While, thinking logically, I could give this family one apple, as before, and they'd be happy, while I'd have nine apples left at the source. 10: 1= 10:10=10-9=1 :) The next day nine members of this family go to New York. Apparently, my source of apples is getting renewed consistently, and I have to divide those yet another ten apples by 0.1. Logically thinking, I can give this person one apple, that's how much he got yesterday, or even 0.1 apple, if yesterday I'd given them one apple for the family. However, if my rules have consistency, I will divide 10 apples by 0.1 and give this person all ten apples (not 100). He gets more apples than a day before (1 apple) and more than two days before ( 0.1 apple). Each of this transactions leaves the source empty, zero, no apples.
Only first day feeds whole ten families, the second day leaves nine of them with zero apples, third day leaves 9.9 of them with zero apples. Thus, one person's luck grows very fast, because something was not given twice to ninety people, and once to the other nine people. Say, the next day this person gets sick from overeating apples. He does not want them anymore. I, at my magic source, have again 10 apples, but no one to give them to. I divide 10 by 0, it makes it 0 apples at destination, yes, but, hey, still 10 at the source, in my possession!
Finally, I can sell them and make some money! :)
Dividing by 0 is real, it leaves the number unchanged, but only at the source, while at destination, sorry, it is 0. I do not see where the infinity is ? Of course, if that person kept falling apart in smaller and smaller entities and loosing them, each surviving piece would get larger and larger portion of apples in relation to itself, while they would still be ten apples running the show.
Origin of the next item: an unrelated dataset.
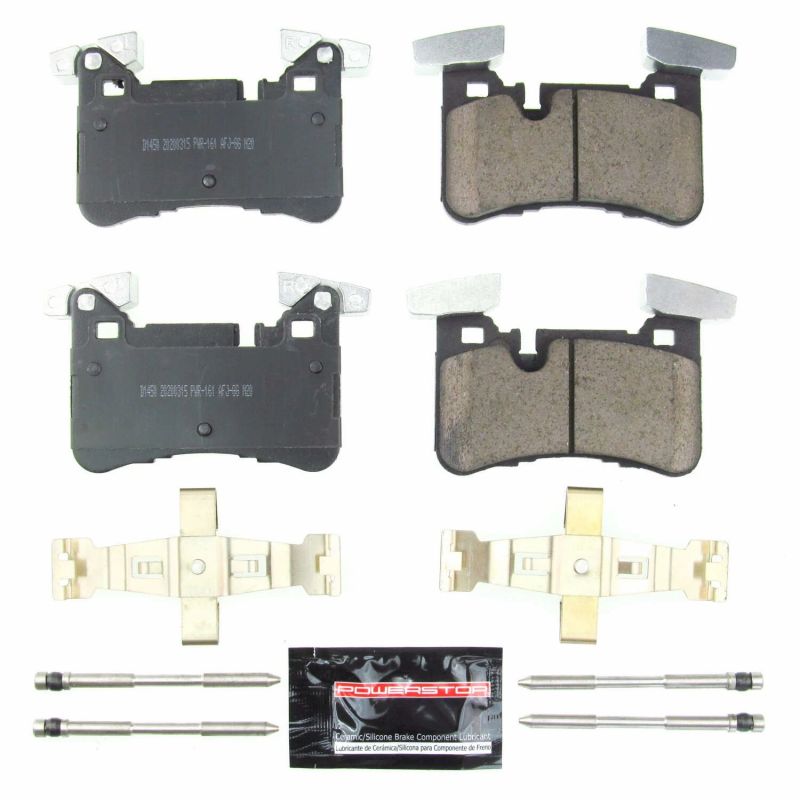 Power Stop 2012 Mercedes-Benz C63 AMG Rear Z23 Evolution Sport Brake Pads w/Hardware-PowerStop-PSBZ23-1450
In this practical example zero signifies perpetually unending profits derived from unequal distribution. In society, where goods are not distributed for free, and people have to pay for them, those kind of unending profits mean zero advantage given to the masses price wise, while reaches pile up indefinitely at the source. Plus, the refilling of the source is provided again by those, only partially naturally, but mainly artificially, disadvantaged masses.
Learn more about this author, Victoria Dorain.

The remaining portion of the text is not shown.